The genes required for PGA synthesis in B. anthracis

are part of the cap operon (capBCADE) located on the pX02 plasmid (Makino et al., 1989; Uchida et al., 1993; Candela et al., 2005). The capD gene encodes a γ-glutamyltranspeptidase, or PGA depolymerase, which was found to be required for the covalent anchoring of PGA to the peptidoglycan in B. anthracis (Candela & Fouet, 2005). PGA producers that lack capD produce a loose slime layer instead of a covalently linked capsule (Candela & Fouet, 2005). While all Group I and II isolates in this study tested negative for the four cap genes tested (including capD), they were still able to produce a covalently linked PGA capsule. Homologs to several of the cap genes AC220 have been found in other bacteria, such as Bacillus subtilis, Bacillus licheniformis, and Staphylococcus epidermidis (Ashiuchi & Misono, 2002; Urushibata et al., 2002; Candela & Fouet, 2005, 2006; Candela et al., 2005; Kocianova Selleckchem Verteporfin et al., 2005).
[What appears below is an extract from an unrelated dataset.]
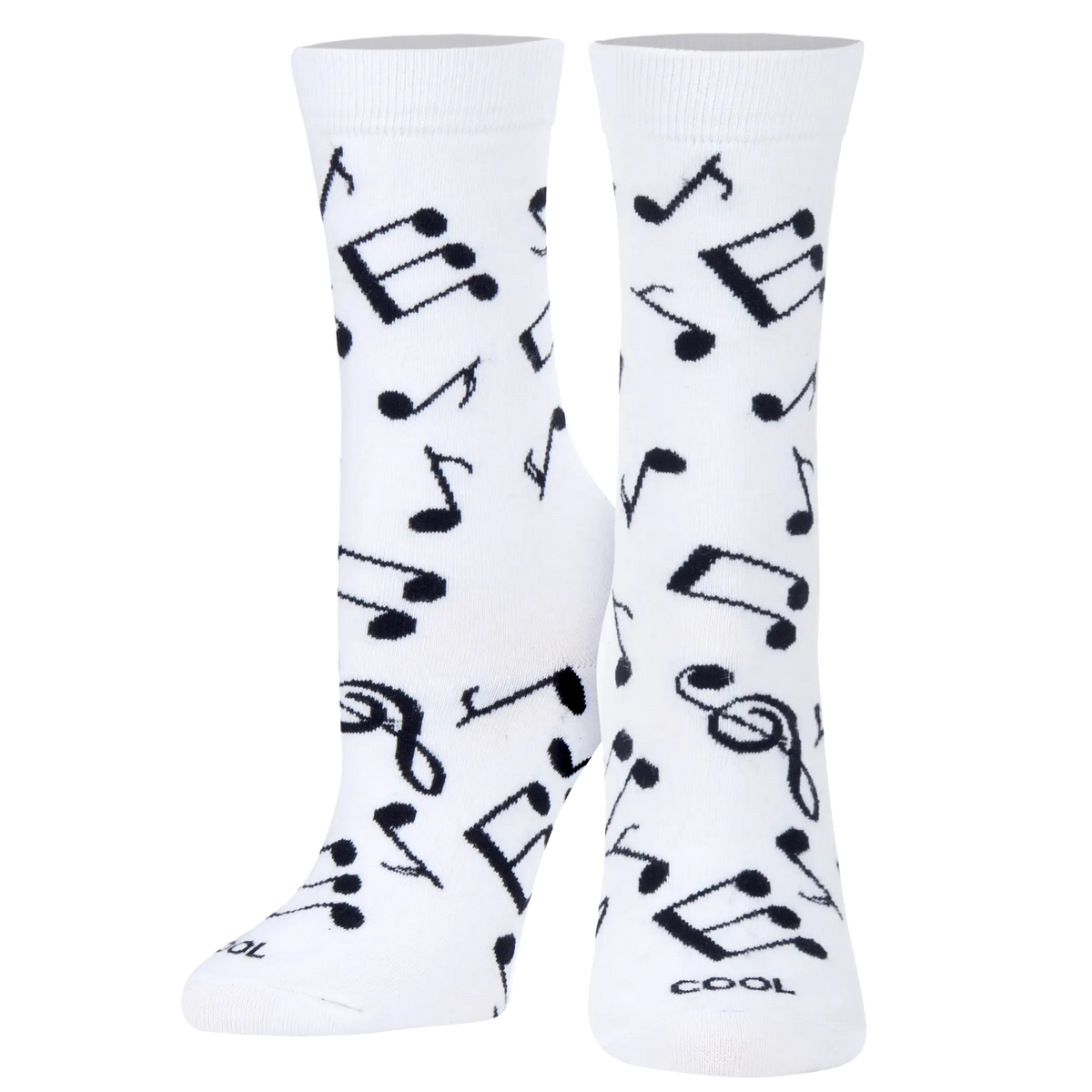 Music Notes Socks - Womens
It is possible that the Group I and II isolates contain PGA synthesis genes that more closely resemble these homologs than those in the cap operon of B. anthracis and are thus too divergent to amplify using the cap PCR primers used in this study. A clear difference in colony morphology on bicarbonate

agar was evident for about half of the isolates. These isolates, as well as the B. cereus G9241-positive control, produced dull or dry colonies, whereas virulent strains of B. anthracis produce the shiny or the mucoid morphology. Thus, although commonly used for capsule expression and observation in B. anthracis, the colony morphology of other species on bicarbonate agar alone is not an accurate indicator of capsule production. The d-PGA capsule of B. anthracis is required for virulence, in addition to Phospholipase D1 the tripartite toxin encoded by the pX01 plasmid. The role in virulence, if any, of the B. anthracis-like PGA capsules produced by

Group I and II isolates, however, is unknown. We cannot be certain that these isolates were responsible for the infections, as Bacillus spp. are frequent contaminates of clinical samples, and no further epidemiological data were available (Farrar & Reboli, 2006). However, during the course of this study, 20 clinical isolates from CDC’s Special Bacteriology Reference Laboratory’s (SBRL) culture collection were identified as having a high degree of 16S rRNA gene sequence similarity (99.87–100%) to one or more of the Group I or II isolates, and were subsequently tested for capsule production. These isolates had been sent by various states or territories (AK, CA, CO, MO, OH, PA, PR, TN, VA, and VT) for identification from 2001 to 2008, and were ultimately identified by SBRL as either Bacillus spp. or Brevibacterium spp. Nineteen of the 20 isolates tested positive for capsule production, detected by both methods described above.